Reporting – Challenges and improvisations

Reports! Reports! Reports!

Reports are pretty important, as the famous anonymous quote says, “The job isn’t finished till the paperwork is done”, satirically, often featured with a bog roll.

While there have been wide observations world-over that on several strata of businesses managers and team members concur on devoting excessive time of their working hours towards reporting and generating reports.

Yes, report generation doesn’t end there. It involves, compiling data, going through it, and investing time presenting it.

However, reports should not be avoided, but to which degree?

Generally in big organizations, periodic reports like weekly or monthly reports are created to monitor how it is performing. Be it financial data, processes, personnel etc., through and through, these number of reports present all kind of information on performance and progress.

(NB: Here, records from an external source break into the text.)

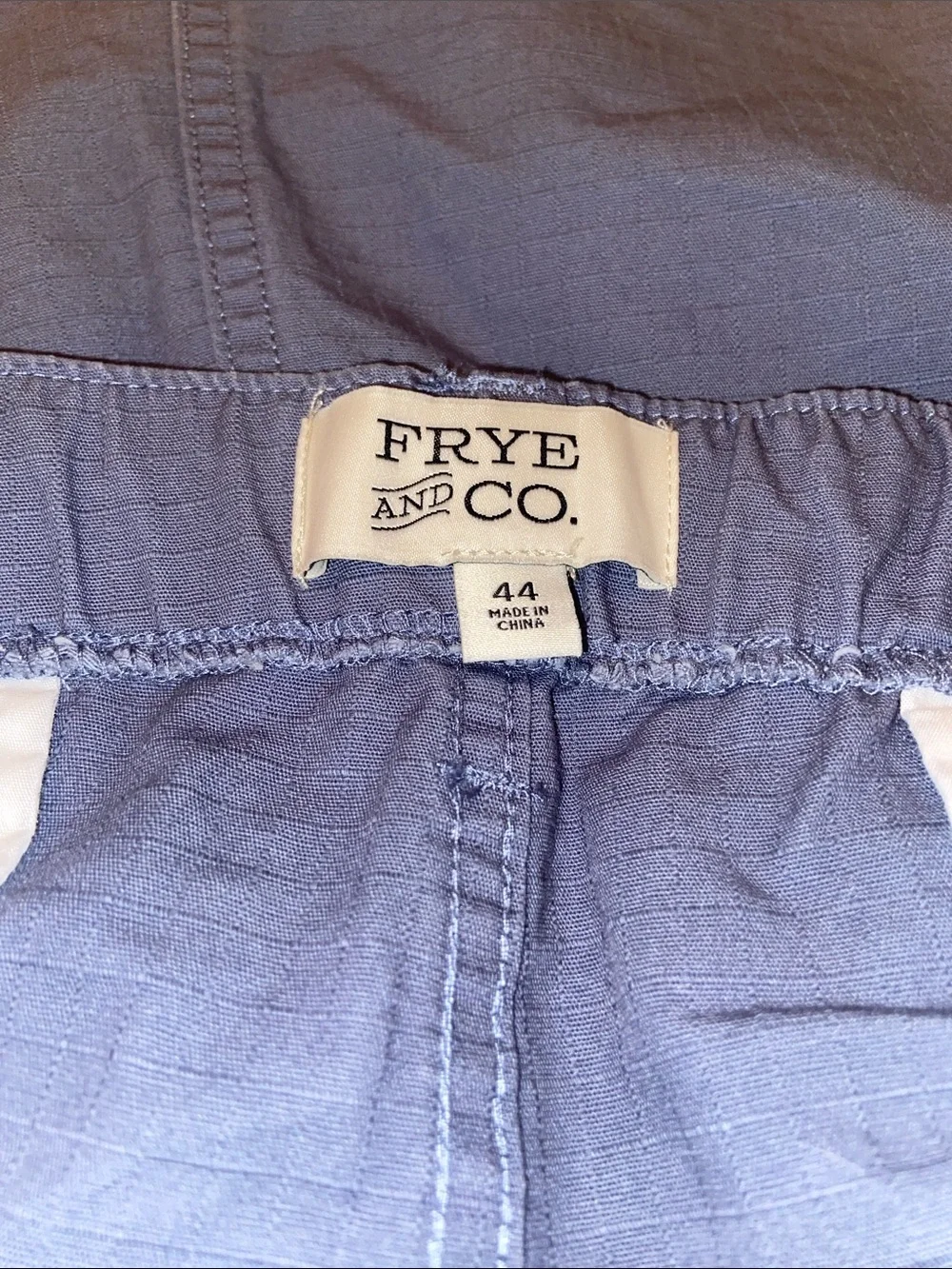 FRYE‎ AND CO. Mens Big & Tall Cargo Shorts Dark Gray Size 44 Gorpcore NWT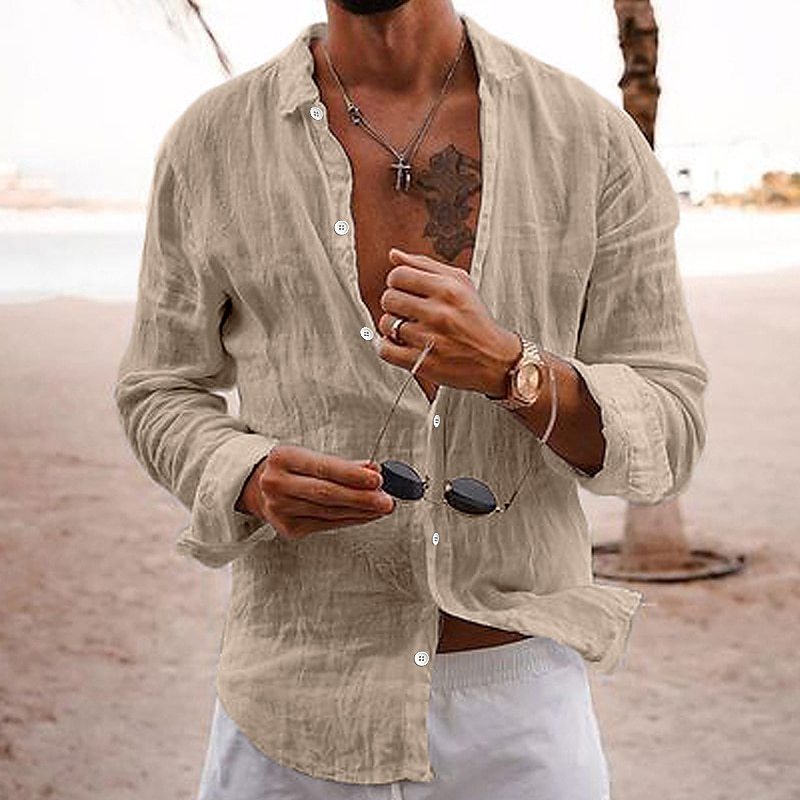 Francesco | Summer cotton shirt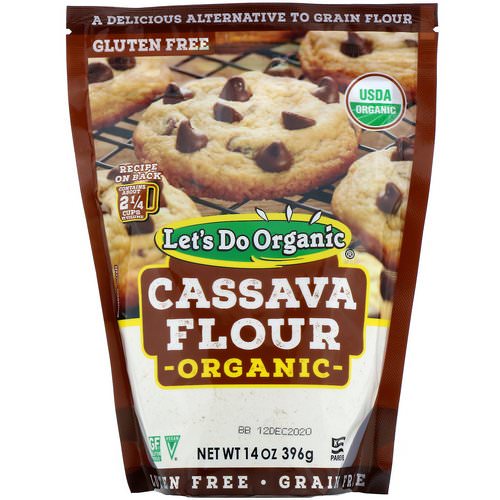 Edward & Sons, Let's Do Organic, Organic Cassava Flour, 14 oz (396 g) Review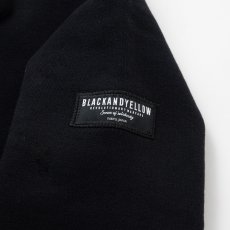 画像6: 【30%OFF】RATS/STAND COLLAR SWEAT（BLACK）［スタンドカラースウェット-24秋冬］ (6)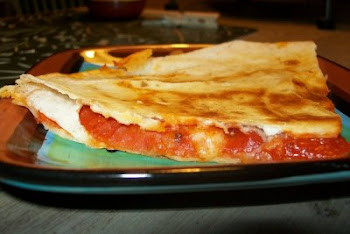 Easy Pizza Quesadillas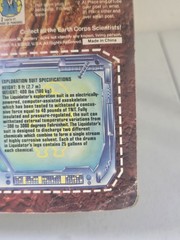 1986 INHUMANOIDS LIQUIDATOR Earth Corps MOC,MOSC Factory Sealed Hard To Find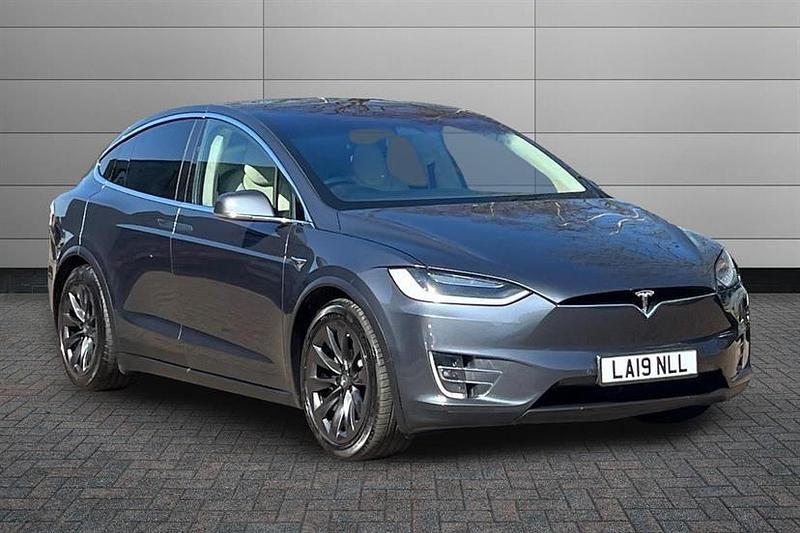 Used Tesla Model X 449 kW (611 HP) 2019 Grey SUV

On the contrary, most teams exist only to produce these reports. Also, several workers invest nearly half of their time hauling data, combining information, keying into consoles, or designing power point presentations.

When these reports are not considered valid or substantial, quickly new reports get created to precisely oversee this specific practice or area of focus. More often these reports are generated even if the process challenge is cracked in the meantime. 

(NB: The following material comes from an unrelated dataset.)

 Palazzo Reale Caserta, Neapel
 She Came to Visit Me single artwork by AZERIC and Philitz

Reporting sees a super push during a reform, and when the organisation does not figure out such derailing, it might create an over-reported work environment which misses productivity to a great extent.

What are the challenges?

Here are a few:

  1. Report generation compels a lot of resources in the process, making them unavailable for other crucial jobs or important assignments. It should be understood that every hour spent on generating a report is an hour not spent on the main business.
  2. Generating too many reports based on the same primary data will establish unpredictability in the information that those statements bring to the table. More often such inconsistencies are caused when data is pulled from different instances in time, or graphic depictions that present different pictures. These conflicts often result in generating more reports attempting to describe how you connect statement one to statement two.
  3. Many statements only attempt showing a good instead of a critical picture to avert more reports on that subject matter. This apparently does not help driving the real issues behind. 
  4. A value not weighed against a pre-specified measure will not be of great support and often just leaves the audience tired of delving into it.
  5. Subsequently, if wrong things are measured, we would end up managing wrong things only.

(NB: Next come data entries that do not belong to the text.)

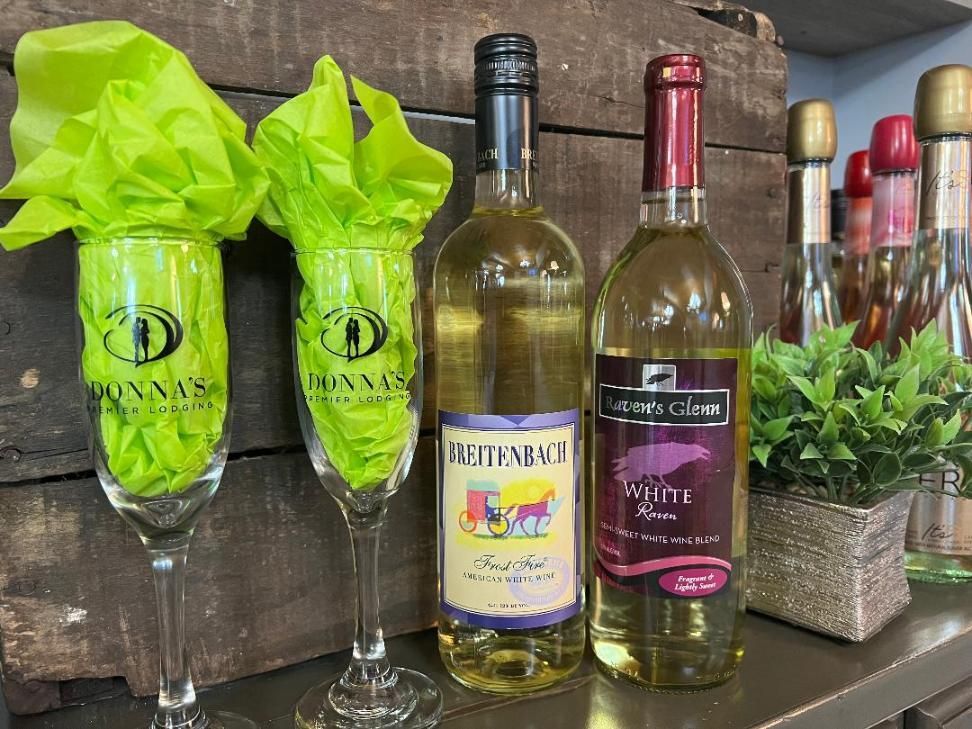 DONNA's Bottles Wines.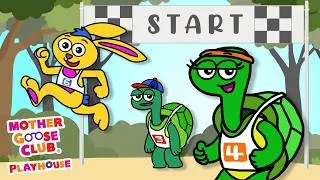 Thumbnail: Turtle Finger Family + More | Mother Goose Club Nursery Rhyme Cartoons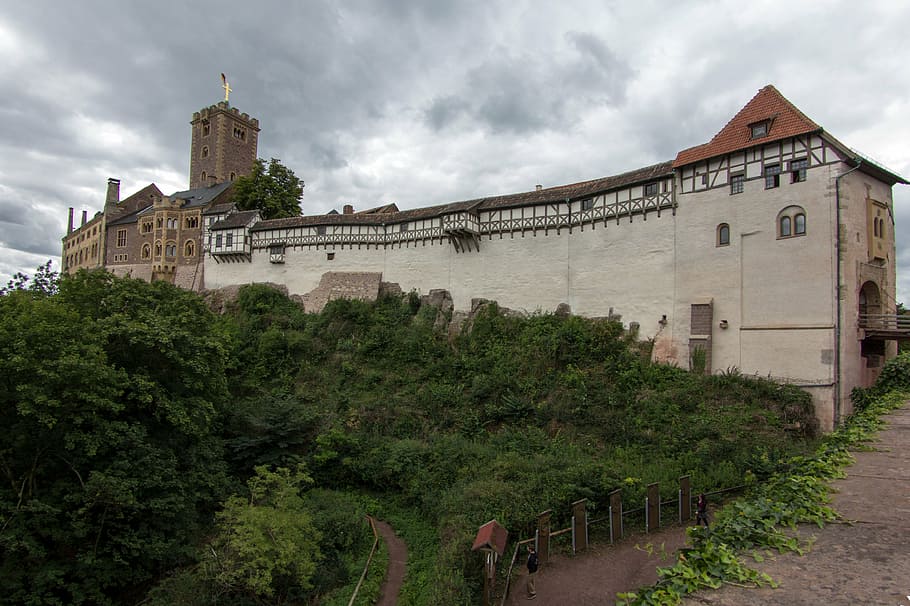 thuringia germany, eisenach, castle, wartburg castle, cultural heritage HD wallpaper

How corporations could improve:

  • If reports are meant to measure progress, the purpose of it should be measured before it gets demanded. If the report restricts or hold back actions or prompt improvements, it loses its purpose or the need in the first place.
  • Creating a report vessel and making it available for everyone could be a great move to mitigate generating a junk of report (Exclude the classified ones). It could be a best practice to check with the report vessel before demanding for a new one, in order that an available report could be used (even if it is not precisely the intended) or improved.
  • The urge for generating new reports every time could be contained if it is thought as a service to be purchased every time. Would you however wish to pay for them? If no, it clearly would indicate that those are not critical and better be avoided.

Each time you can, specify the ideal value opposed to which you evaluate. Then construe the divergence, which could be a negligible percentage. This range would give you clarity, on which indicator you should act. Based on the indicator, if the value you attempt to determine sounds of least importance, why worry?